Il y a un terme chinois, « bi » (彼), qui signifie « l’autre », mais aussi celui à qui on s’oppose sans que le terme « ennemi » (« di » 敌) soit utilisé. Vous avez mentionné la guerre froide et s’il n’y a pas de guerre déclarée, il y a bien un conflit idéologique fondamental entre le régime chinois, qui refuse d’évoluer et d’être forcé au changement par les influences extérieures (à commencer par le modèle occidental représenté par les États-Unis), et le monde occidental lui-même. Il n’y a donc pas de guerre, mais il y a conflit. Par ailleurs, dans la pensée stratégique chinoise traditionnelle, que l’on retrouve aujourd’hui et qui se conjugue avec les fondements léninistes et maoïstes du régime, il y a l’idée qu’une guerre ouverte n’est pas obligatoire pour que le conflit existe : les rapports de force sont mouvants et peuvent toujours être transformés et exploités. Et donc on essaie d’avancer, de gagner des points, de renforcer ses positions, y compris par ses capacités d’influence.
La Chine a pu le faire de manière massive depuis les années 1980, lorsqu’elle s’est lancée dans une politique d’ouverture et de développement économique. L’idée de Deng Xiaoping n’était évidemment pas, contrairement à ce que pensait l’Occident, y compris les États-Unis, d’évoluer pour se fondre dans un monde dans lequel il n’y aurait plus de différences fondamentales, mais bien de se doter des moyens d’imposer d’abord sa survie, puis éventuellement d’avoir une plus grande capacité d’influence et de pression. L’un des ancrages de cette ambition est bien sûr le développement, notamment avec les « routes de la soie » qui permettent à la Chine de renforcer sa présence et sa capacité d’influence en Afrique et en Amérique latine, et de devenir un partenaire commercial incontournable en investissant dans les infrastructures, profitant du retrait occidental en la matière jusqu’à une période récente.

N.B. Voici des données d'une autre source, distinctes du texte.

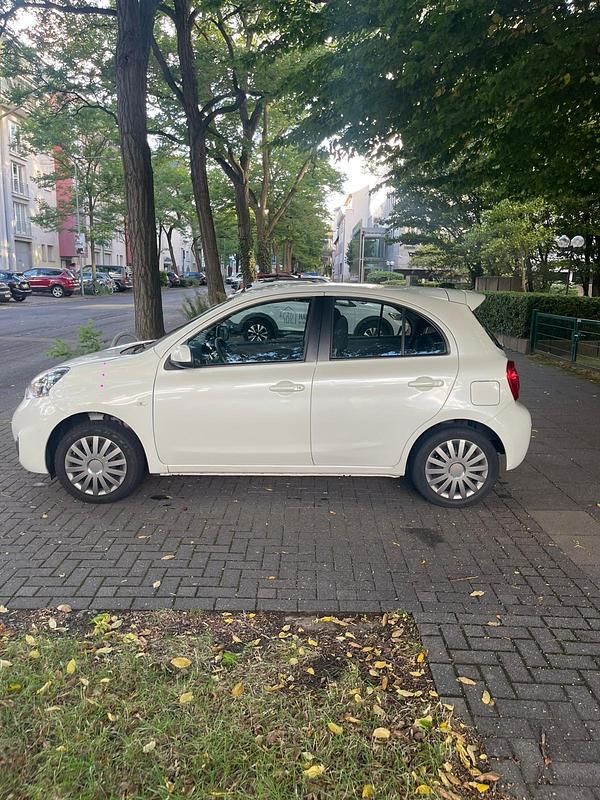 Weiß Gebraucht 2014 Nissan Micra Kleinwagen | 5.000 € (Fairer Preis) - Bild 1/4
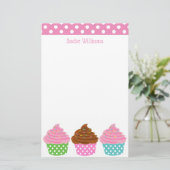 Papeterie Papier à lettres personnalisé Polka Dot Cupcakes (Debout devant)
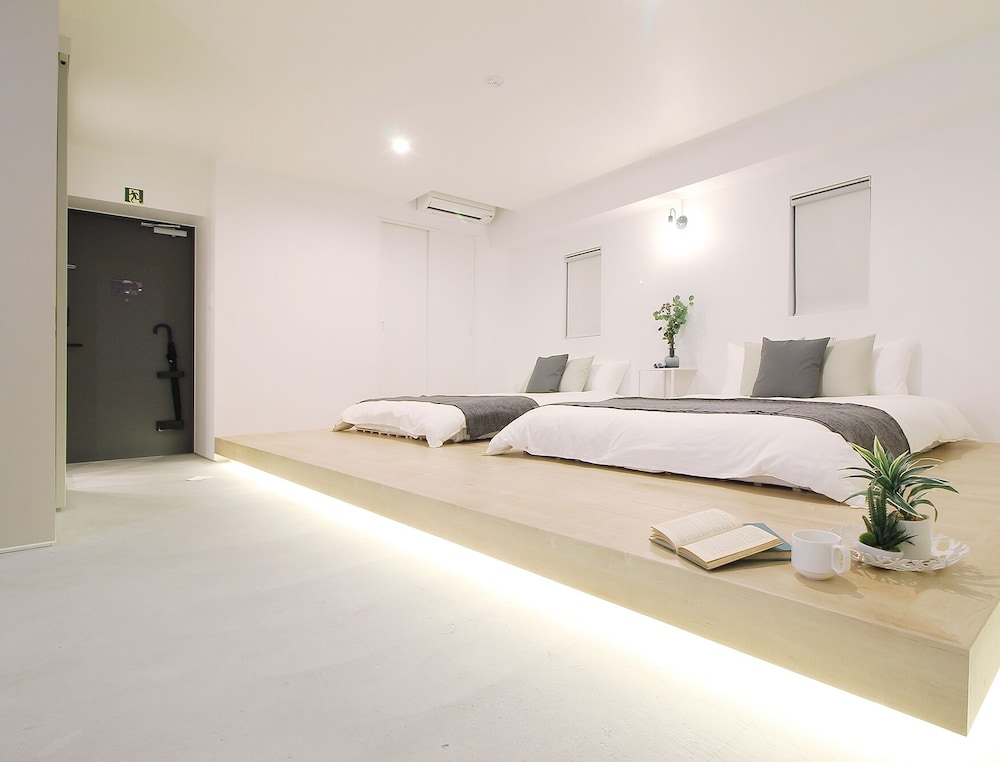 プレミアム スタジオ (202) 客室2 | b hotel 広島平和大通り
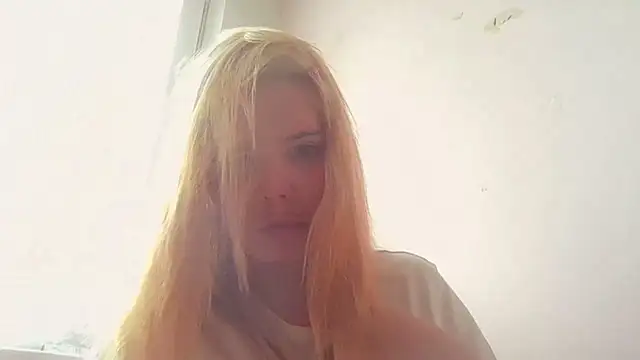 HornyElena webcam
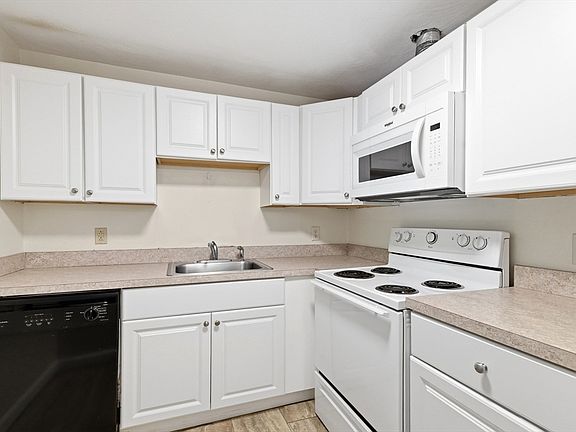 5th image of 451 School St Unit 1-12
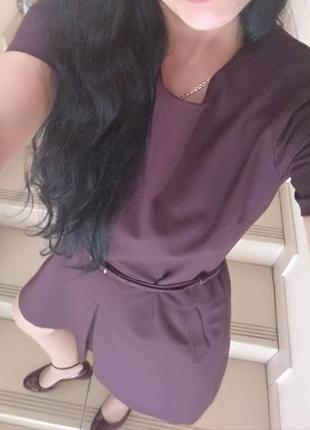 Сукня 
с поясом в комплекте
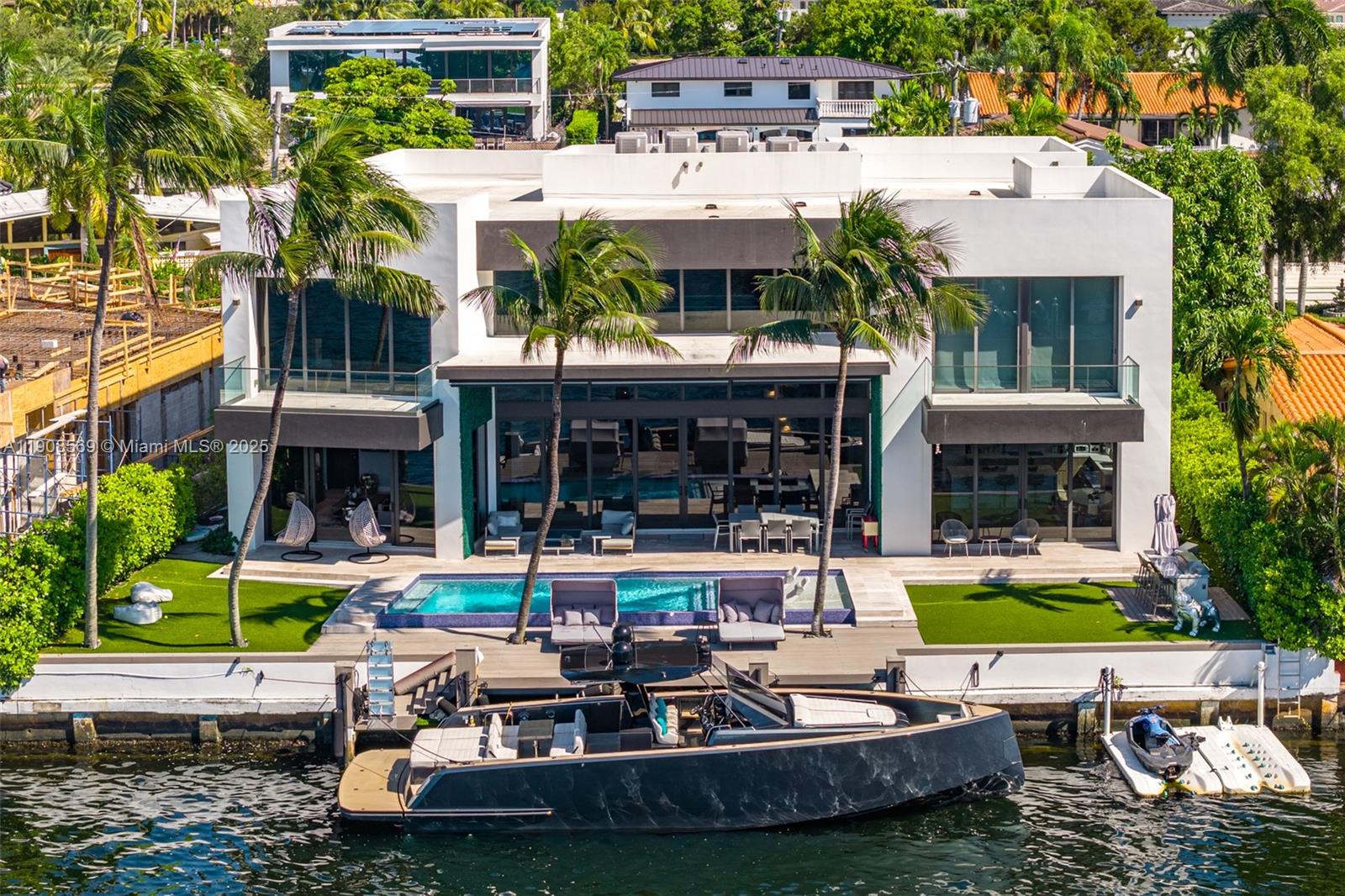 16470 NE 30th Ave North Miami Beach, FL 33160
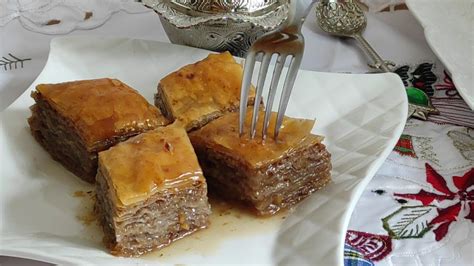 Končni izdelek: pečena in prelivana jabolčna baklava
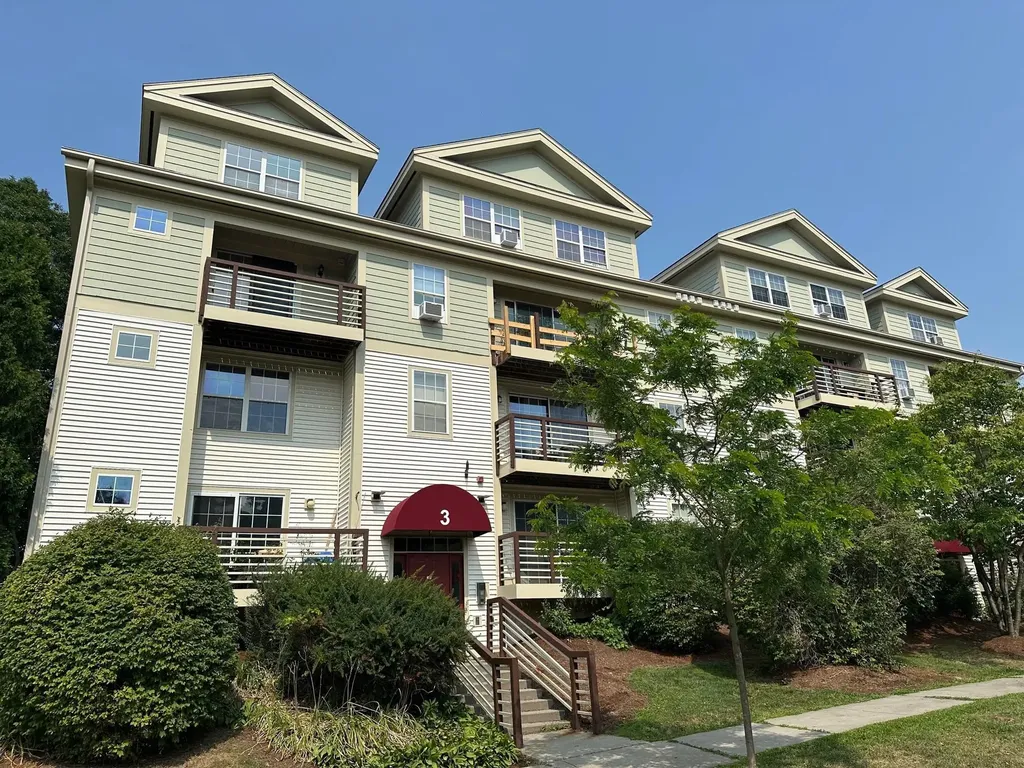 89 Hildred Drive Burlington VT 05401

L’autre élément, bien plus mis en avant avec Xi Jinping, est la dimension nationaliste. La Chine, devenue une vraie grande puissance selon la perception qu’en ont les dirigeants chinois, aurait les moyens de mettre un terme à ce qui est considéré comme des situations anormales, dans une volonté irrédentiste de récupérer des territoires, et cela concerne évidemment aussi la question de Taïwan. Et c’est là qu’interviennent, au-delà de l’idéologie, les tensions avec les États-Unis. Dans mon esprit, il ne s’agit pas d’une rivalité de puissance en soi, même si certains aux États-Unis ont mis en avant ce fameux concept de piège de Thucydide, qui place la Chine au niveau équivalent d’un « peer competitor », comme adoubé par les États-Unis. Les Chinois aiment beaucoup cette théorie de l’opposition systémique entre une puissance émergente et une puissance déclinante, la puissance déclinante étant évidemment les États-Unis et, plus globalement, le monde occidental.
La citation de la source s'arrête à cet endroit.